Pinterest, for the uninitiated, is a deceptively simple-sounding, insanely addictive social media site that lets users collect and share images on digital pinboards. Most social-networking sites have first become popular among tech's early adopters along the country's coasts. But Pinterest found its most passionate users among the Midwestern scrapbooking set -- a mostly female group -- who have turned to it to plan weddings, save recipes, and post ideas for kitchen renovations.
This growth has thrust Silbermann, 29, into the spotlight as investors and businesses alike try to figure out how they can get in on the action. Brands -- from large companies like Gap (GPS) and West Elm to online boutiques -- are tripping over themselves to establish a presence on it, and some are starting to reap the rewards of being "pinned," a de facto referral that prompts followers to click on product pictures to learn more. In February Pinterest drove more traffic to websites than Twitter, Google+, LinkedIn (LNKD), and YouTube combined. Meanwhile, the same (mostly male) investors who initially passed on Pinterest are kicking themselves. The company in October raised $27 million from venture capital firm Andreessen Horowitz in a deal that valued Pinterest at a reported $200 million. Marc Andreessen himself readily admits he didn't get it until a female researcher on staff urged him to reconsider. Says Andreessen: "Our industry historically … do we produce products initially aimed primarily at men or women? You'd have to say men."

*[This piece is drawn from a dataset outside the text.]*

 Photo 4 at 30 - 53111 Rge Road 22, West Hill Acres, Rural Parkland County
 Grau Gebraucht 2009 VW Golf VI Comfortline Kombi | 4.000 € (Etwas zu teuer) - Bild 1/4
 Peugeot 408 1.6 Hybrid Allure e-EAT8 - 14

Amid all the noise, Silbermann must now build out a company that can keep up with Pinterest's user explosion. This type of hypergrowth has been a challenge for companies to manage -- remember the "fail whale" that signaled Twitter was suffering under the weight of its own popularity? In recent weeks Silbermann and his team have held a Monday meeting -- usually in the form of a coffee run to Bistro Maxine -- to figure out how to keep the site running on Thursday. (Writing a check to Amazon's web service unit usually does the trick.) Oh, and Silbermann must figure out how to make money. To that end, Fortune has learned, Pinterest just hired Tim Kendall, who spent many years as Facebook's director of monetization, to build out the business.
Silbermann seems to be maintaining an almost eerily level head about Pinterest's success as well as the stress of running Silicon Valley's current "it" company. He talks so quietly that during our conversation I felt compelled to drop my own volume to match his. His eye is always on the wall-mounted flat screen that displays real-time data about how pinners are using the service. He takes a regular turn at answering customer-support e-mails, a mundane task that, he says, helps him make Pinterest even better. And while Pinterest's Palo Alto digs feature a poster with the words move fast and break things, a mantra at Facebook, Silbermann talks about Pinterest the way one talks about a fragile heirloom. "When you open Pinterest, it should feel like someone has hand-made a book for you," he explains. "Every item should feel like it's handpicked for you by a person you care about."